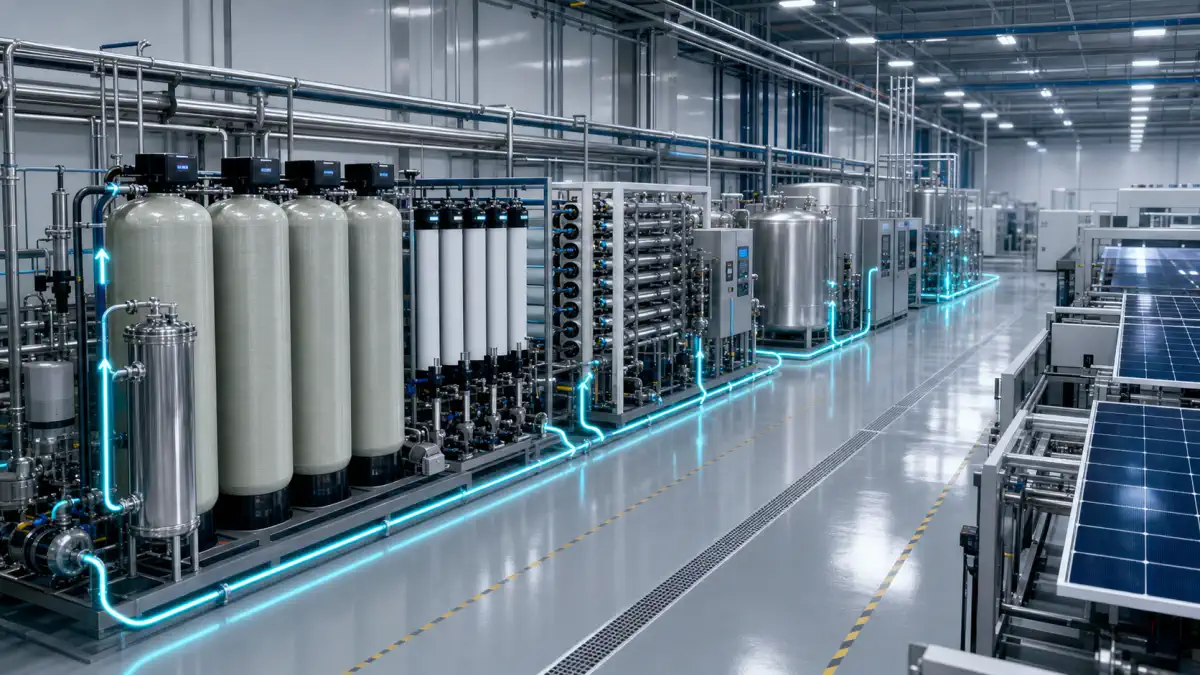 Display-panel and photovoltaic ultrapure-water route from pretreatment through RO, EDI, polishing and clean distribution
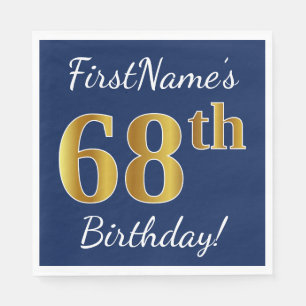 Blue, Faux Gold 68th Birthday + Custom Name Napkin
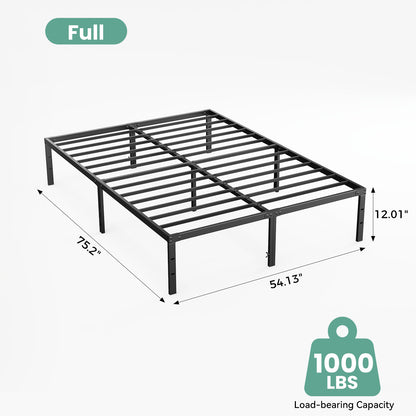 Sturdy And Durable Metal Base Frame, Noiseless Sturdy Steel Crossbars, Under-bed Storage Space, No Need For Box Springs
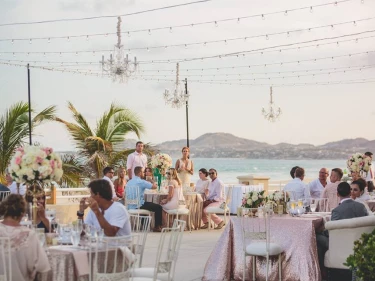 Dinner reception on wedding venue at Barcelo Gran Faro Los Cabos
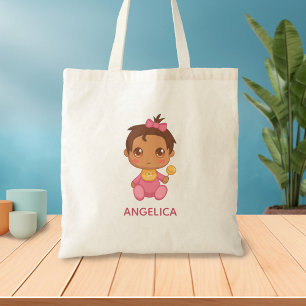 Tote Bag Baby Girl Pink Jumpsuit Nom personnalisé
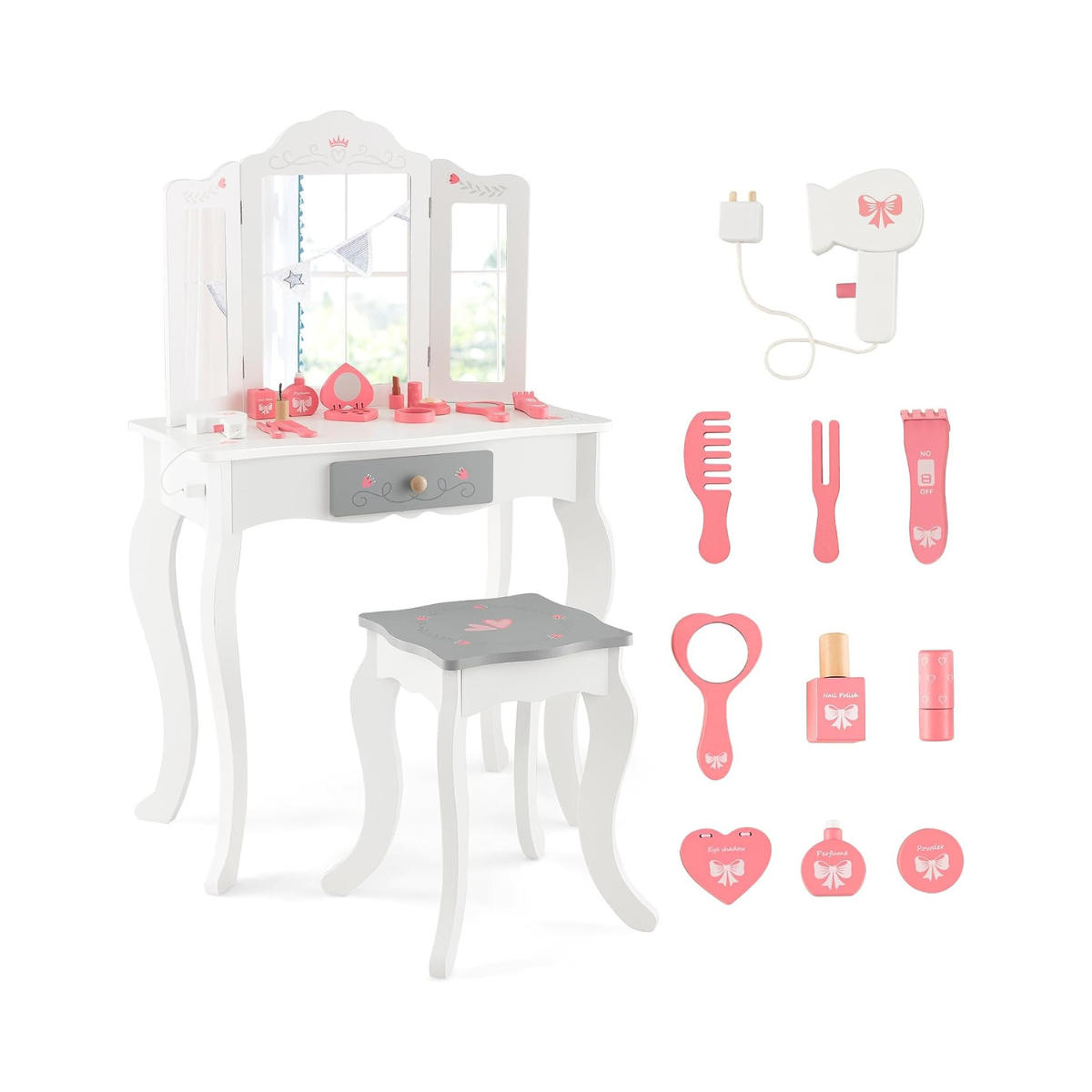 Costway Σετ Τουαλέτας Μακιγιάζ 2-σε-1 για Παιδιά με Αξεσουάρ και Αποσπώμενο Καθρέφτη TM10043WH Costway Σετ Τουαλέτας Μακιγιάζ 2-σε-1 για Παιδιά με Αξεσουάρ και Αποσπώμενο Καθρέφτη TM10043WH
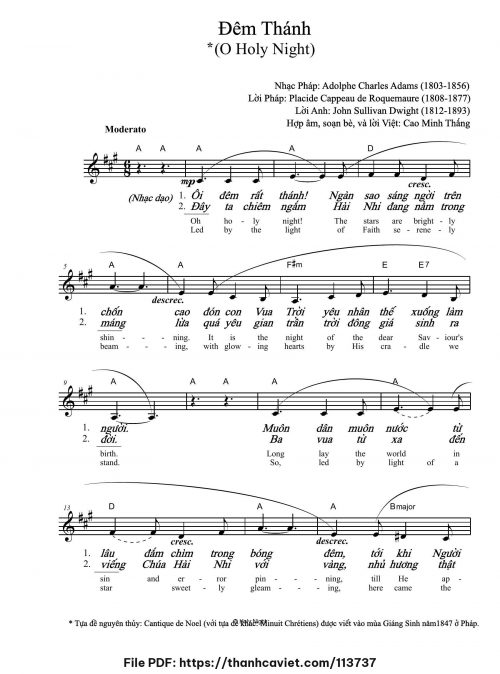 Đêm Thánh - Cao Minh Thắng (Nhạc Ngoại, lời Việt) - trang 1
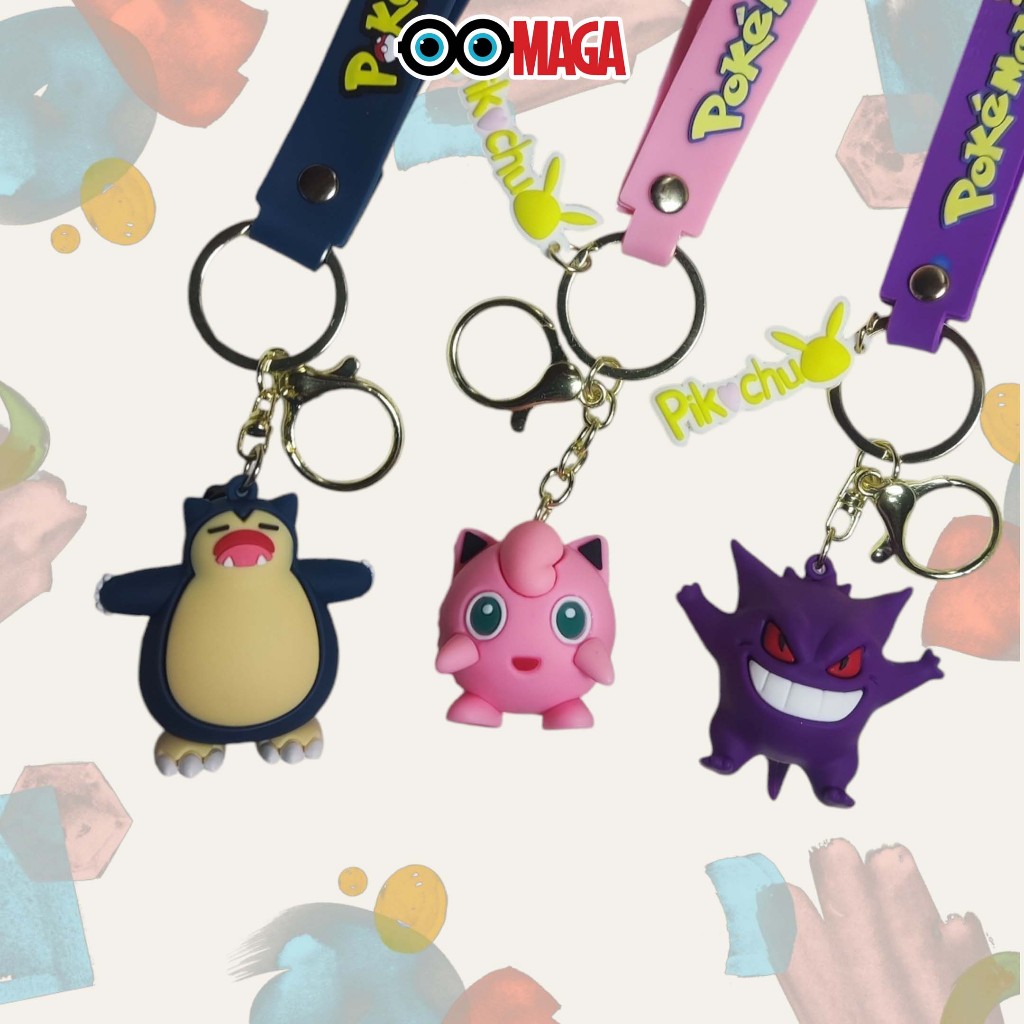 Gantungan Kunci / Keychain Pokemon - Ganci 3D Pikachu Eevee Snorlax Gengar Jigglypuff Lucu Gemoy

EXERCISE DETAILS:
Set down the entries above word for word, but drop any image.

ANSWER TO THIS TASK:
 Display-panel and photovoltaic ultrapure-water route from pretreatment through RO, EDI, polishing and clean distribution
 Blue, Faux Gold 68th Birthday + Custom Name Napkin
 Sturdy And Durable Metal Base Frame, Noiseless Sturdy Steel Crossbars, Under-bed Storage Space, No Need For Box Springs
 Dinner reception on wedding venue at Barcelo Gran Faro Los Cabos
 Tote Bag Baby Girl Pink Jumpsuit Nom personnalisé
 Costway Σετ Τουαλέτας Μακιγιάζ 2-σε-1 για Παιδιά με Αξεσουάρ και Αποσπώμενο Καθρέφτη TM10043WH Costway Σετ Τουαλέτας Μακιγιάζ 2-σε-1 για Παιδιά με Αξεσουάρ και Αποσπώμενο Καθρέφτη TM10043WH
 Đêm Thánh - Cao Minh Thắng (Nhạc Ngoại, lời Việt) - trang 1
 Gantungan Kunci / Keychain Pokemon - Ganci 3D Pikachu Eevee Snorlax Gengar Jigglypuff Lucu Gemoy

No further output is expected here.